▶ **EXERCISE DESCRIPTION**
Transcribe the data as written, minus images.
──────────
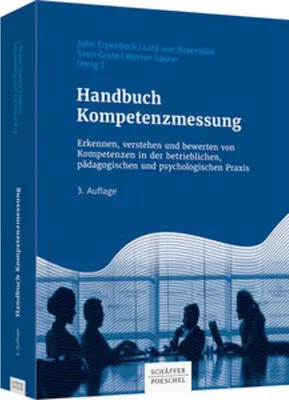 Obrázek produktu pro Handbuch Kompetenzmessung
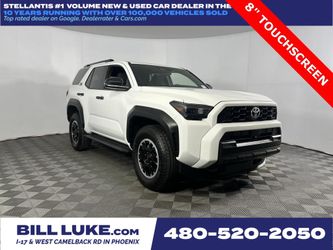 2025 Toyota 4Runner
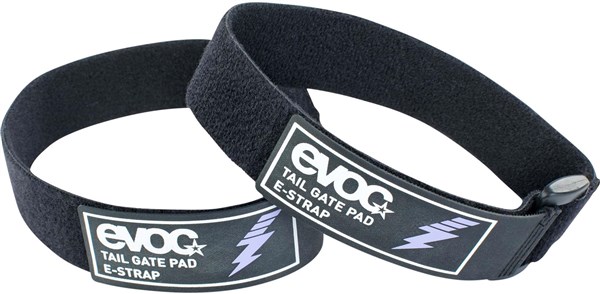 Evoc Tailgate Pad Strap E-ride (2pcs)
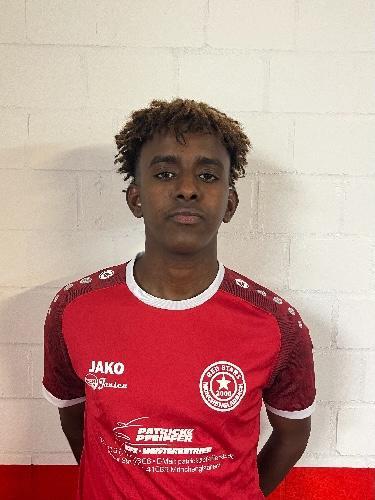 Ali Abdulkadir Mohamed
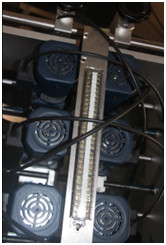 6 motors for 6 capping wheels 6 motors for 6 capping wheels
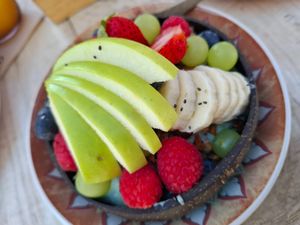 Bowl at Ikigai in Estepona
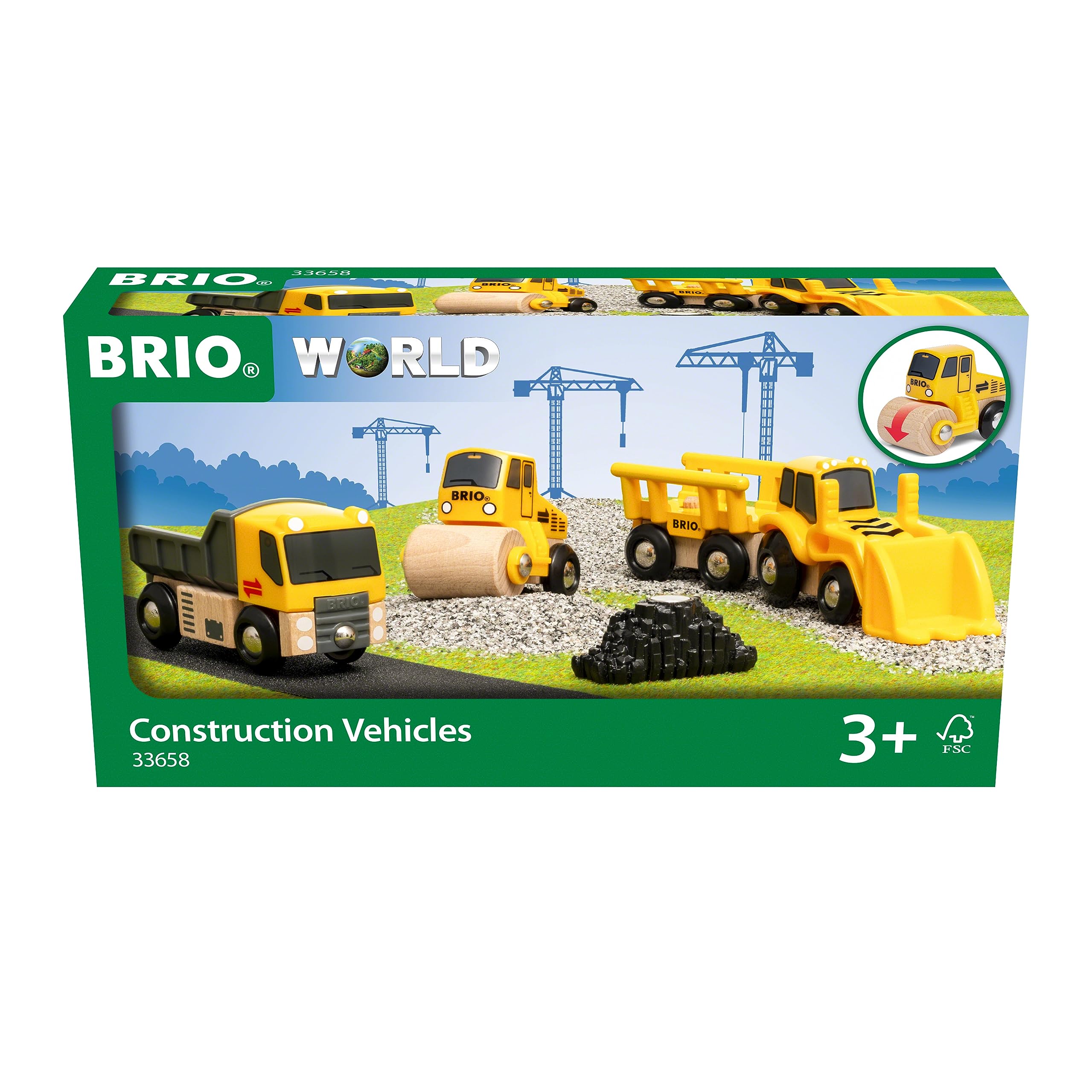 brio-world-33658-baustellenfahrzeuge-kipplaster-walze-frontlader image 7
──────────
▶ **EXERCISE RESPONSE**
 Obrázek produktu pro Handbuch Kompetenzmessung
 2025 Toyota 4Runner
 Evoc Tailgate Pad Strap E-ride (2pcs)
 Ali Abdulkadir Mohamed
 6 motors for 6 capping wheels 6 motors for 6 capping wheels
 Bowl at Ikigai in Estepona
 brio-world-33658-baustellenfahrzeuge-kipplaster-walze-frontlader image 7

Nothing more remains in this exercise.